§ **Task**: In the entries below, begin at the line with "آهنگ She Did It Again از Tyla و Zara Larsson" and stop after the line with "Anandpur Nu Jana"; output those lines exactly and omit the pictures.

§ **Records for this exercise**:
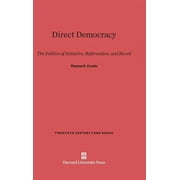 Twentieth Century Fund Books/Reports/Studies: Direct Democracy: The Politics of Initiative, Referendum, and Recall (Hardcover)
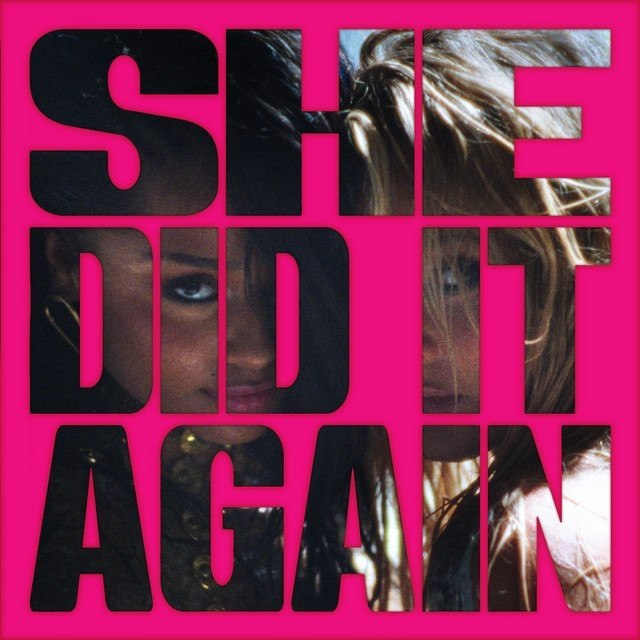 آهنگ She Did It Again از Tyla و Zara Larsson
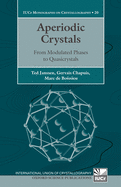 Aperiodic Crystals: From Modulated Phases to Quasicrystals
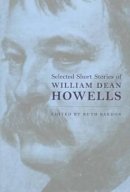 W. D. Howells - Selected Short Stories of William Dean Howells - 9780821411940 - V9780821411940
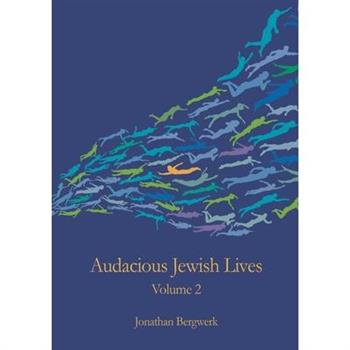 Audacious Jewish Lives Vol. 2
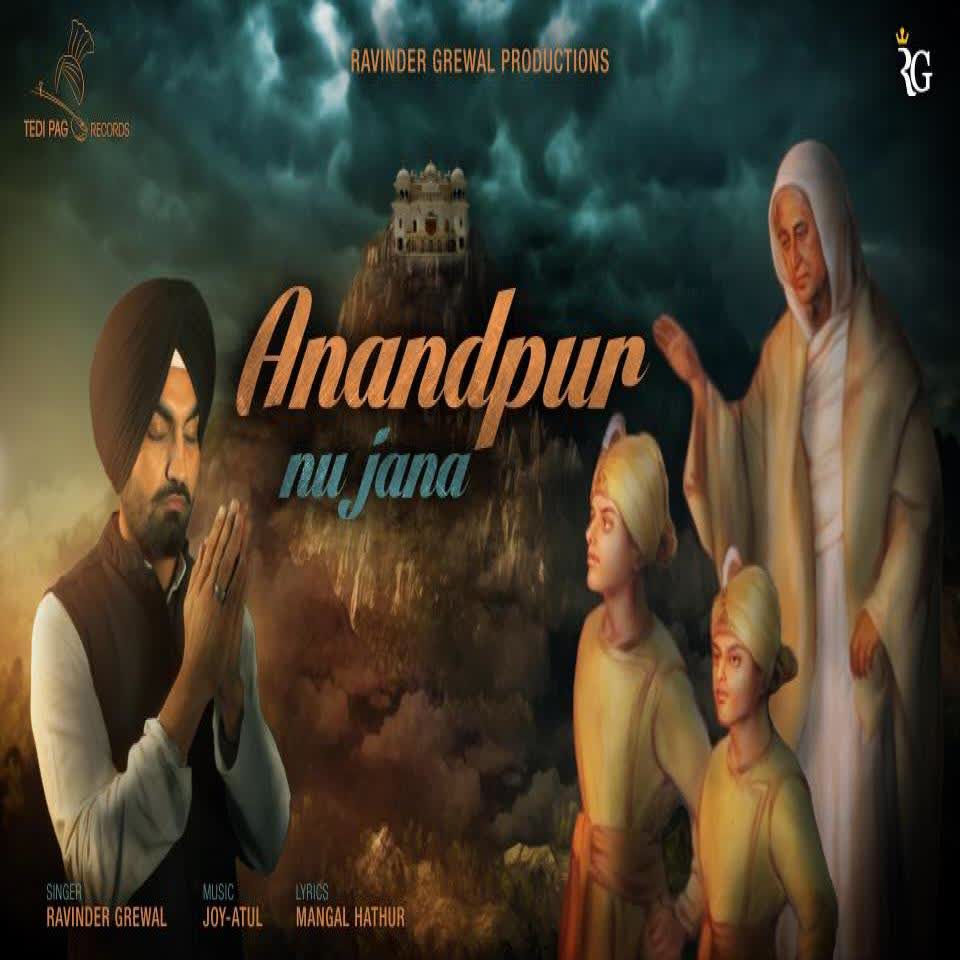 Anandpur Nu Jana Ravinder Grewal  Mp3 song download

* * *

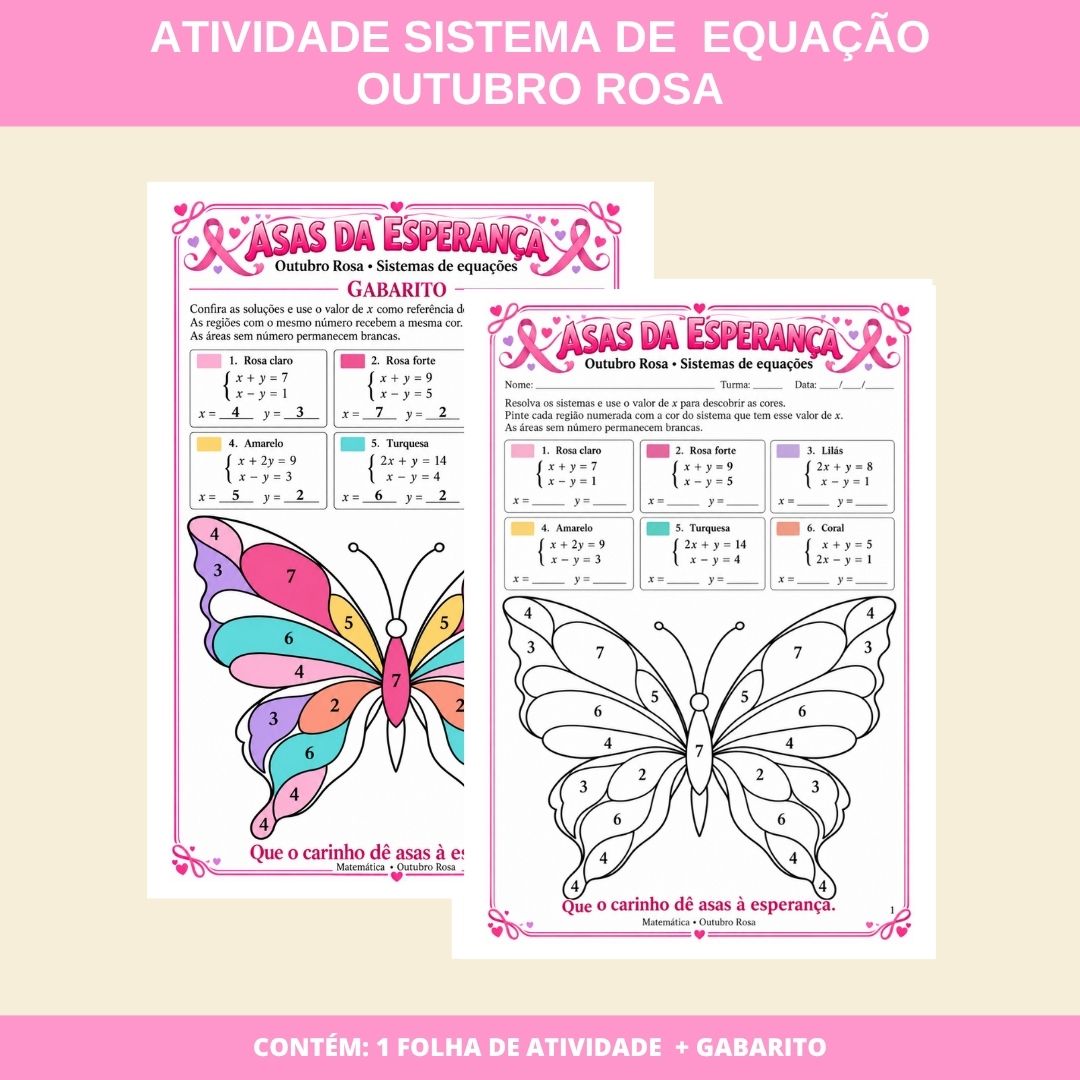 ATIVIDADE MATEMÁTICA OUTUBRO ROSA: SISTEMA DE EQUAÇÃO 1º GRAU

§ **Solution for this exercise**:
 آهنگ She Did It Again از Tyla و Zara Larsson
 Aperiodic Crystals: From Modulated Phases to Quasicrystals
 W. D. Howells - Selected Short Stories of William Dean Howells - 9780821411940 - V9780821411940
 Audacious Jewish Lives Vol. 2
 Anandpur Nu Jana Ravinder Grewal  Mp3 song download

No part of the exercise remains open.